# Rustastic Automaton
[](https://travis-ci.org/conradkleinespel/ram)
[](https://ci.appveyor.com/project/conradkleinespel/ram)
[](https://discord.gg/9zXtYqQ)
`ram` allows you to ease the creation of a language lexer based on finite state machines.
## Supporting `ram`
`ram` is currently being maintained as a side-project, during nights and weekends, next to my full-time job. I am looking for a way to sustain my work on open source. If you find value in what I do and you would like to contribute, please consider:
- [Becoming a backer on Patreon](https://www.patreon.com/conradkleinespel)

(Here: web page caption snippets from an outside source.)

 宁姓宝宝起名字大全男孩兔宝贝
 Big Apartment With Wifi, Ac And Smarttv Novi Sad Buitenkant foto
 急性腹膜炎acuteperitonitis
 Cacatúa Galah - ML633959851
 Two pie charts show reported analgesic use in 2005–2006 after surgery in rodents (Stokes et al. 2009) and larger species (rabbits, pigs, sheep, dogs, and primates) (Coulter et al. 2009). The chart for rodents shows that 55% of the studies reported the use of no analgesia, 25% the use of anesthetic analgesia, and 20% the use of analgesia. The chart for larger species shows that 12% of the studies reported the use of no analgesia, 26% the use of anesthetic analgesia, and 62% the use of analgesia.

- [Making a recurring donation on Liberapay](https://liberapay.com/conradkleinespel/)
## Usage
Add `ram` as a dependency in Cargo.toml:
```toml
[dependencies]
ram = "7.0"
```
Import the `ram` crate and use the `Automaton` struct to create a language lexer. In this example, we are lexing a language that has no tokens other than the "End of source" token:
```rust
extern crate ram;
use ram::Automaton;
enum TokenType {
End,
}
// Create the FSM (2 states, 0 or 1) that will parse the source code
let mut am = Automaton::new(0, 1);
// When the FSM hits the end of the source, go to state 1, the final state
am.find_end(TokenType::End as i32, 0, 1);
// Run the FSM with an empty string as the source code
let source_code = format!("");
let runner = am.run(source_code);
// Print the parsed tokens to the console
println!("{:?}", runner.tokens);
```
There are multiple `find_*` methods to your disposal, like `find_regex` or `find_whitespace` or
even `find_automaton`, which allows you to combine various finite state machines together
to create more powerful tokenizers.
The full API documentation is available at [https://docs.rs/ram](https://docs.rs/ram).
## License
The source code is released under the Apache 2.0 license.